Friday, January 22, 2010
You don’t want me around
When I worked for the Christian Century, I worked on an article about Beck. It was actually a review of an evangelical book that called him an “apocalyptic” artist--one whose work points to the brokenness of our times. I’ve been listening to a lot of Beck lately. I don’t know why. His albums, “Midnite Vultures” especially, skewer the politics and sexual ethos of our culture in a way that breaks my heart.
It begs the question: can art be Christian if all it does is shine a spotlight on our busted culture?
I’m having the same problem with my own work. The feedback I’m getting is that no one likes my characters. I admit, they’re not likable people. It’s a struggle to write the Great American Novel today and not include the repellent Americans that surround us. Maybe we don’t like to hear those stories because we don’t like to have a mirror held up to our own faces.
It’s immensely interesting for me to dive into the psyche of unappealing people. To find out what makes them tick. What could possibly be their motivation for doing the things they do? What’s wrong with our culture isn’t that we’re all a bunch of Hitlers, running around saying: we will crush the Haitians under our thumbs! No. We like to buy coffee at gas stations, drive across town for our yoga classes, eat beef burritos at Taco Bell. It’s those things that keep systemic oppression, structural violence, in place.
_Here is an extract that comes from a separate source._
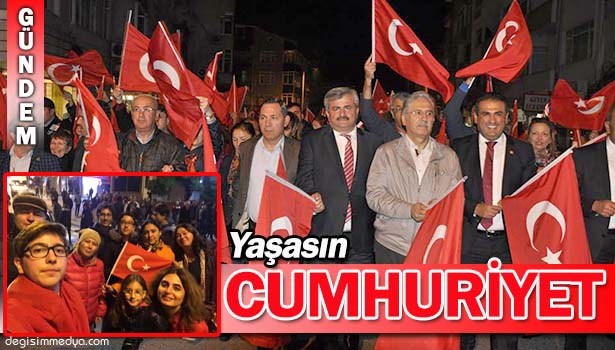 ON BİNLER "CUMHURİYET İÇİN" YÜRÜDÜ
We want hope in our fiction, even if there isn’t any. We want characters to be likable, optimistic, heroic, even if the people we’re surrounded by aren’t. Without courageous protagonists as our proxy, what’s the point of art? Picasso had the same problem with representational visual art. Two-dimensional art is, by definition, unrealistic. It can’t represent the three-dimensional world we perceive. In a fraction of a second, we see both the rim of our coffee mug and its contents. Hence, cubism, and, thence, abstract expressionism.
Maybe we’ve outgrown heroes. A truly realistic novel would be immensely boring. People sitting in their cubicles tapping on keyboards. Curled up on their couches at night. Watching flashing screens ninety percent of their lives. Chapters would drag on and on endlessly. We don’t want realism. We want fantasy. We want characters who triumph over our own sordid circumstances.
I feel the same way about Beck’s music, sometimes. His lyrics are obscure, his music difficult. Sometimes I don’t want to hear about garbage trees or leprous faces. Even if I’m all alone in the new pollution, I don’t want to be.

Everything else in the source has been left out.